Although many individuals claimed to be the sender of the $2.6 million fee transaction, none of them were able to provide a valid signature, which would have proved that they were indeed the ones controlling the wallet address that sent the transaction.

Ethermine won’t be so kind in the future

The mining pool also made it clear that if this situation happens again in the future—in which a transaction is sent with an abnormally large transaction fee—that they would not be freezing the transaction, and that they would be distributing the rewards to their miners right away, no matter how large the transaction is.

The fact that Ethermine Pool even froze the transaction for four days was a nice gesture.
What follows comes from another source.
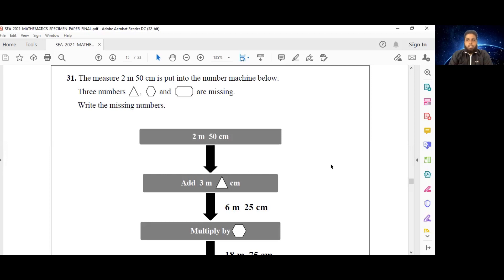Today we are going to be attempting question number 31, which reads: the measure 2 meters 50 centimeters is put into the number machine below. Three numbers represented by a triangle, a hexagon, and a ticket-looking shape are missing.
There is no rule saying that they had to do this, or no evidence that the large transaction fee was actually a mistake. 

At the time Ethermine Pool announced that they would be distributing the transaction fee, SparkPool still had the June 10th transaction frozen and was waiting for the sender of the transaction to step forward so that they could come to a resolution together.

“At present, the real sender has not contacted [us], we once again made a statement hoping to get in touch,” said Shelton Qiu, key account manager of SparkPool.

However, Qui said “There will be instructions this week, which will specify the deadline to wait for, and allow time for us to contact the payer,” which indicates that SparkPool is giving the sender of the transaction a finite amount of time to step forward before they distribute the transaction fee among their miners.

One day later on June 16, SparkPool made their official announcement, claiming that they had given the sender of the transaction a week to come forward, and had not heard anything, therefore, they said that they would distribute the transaction fee on June 17–seven days after the transaction was originally sent.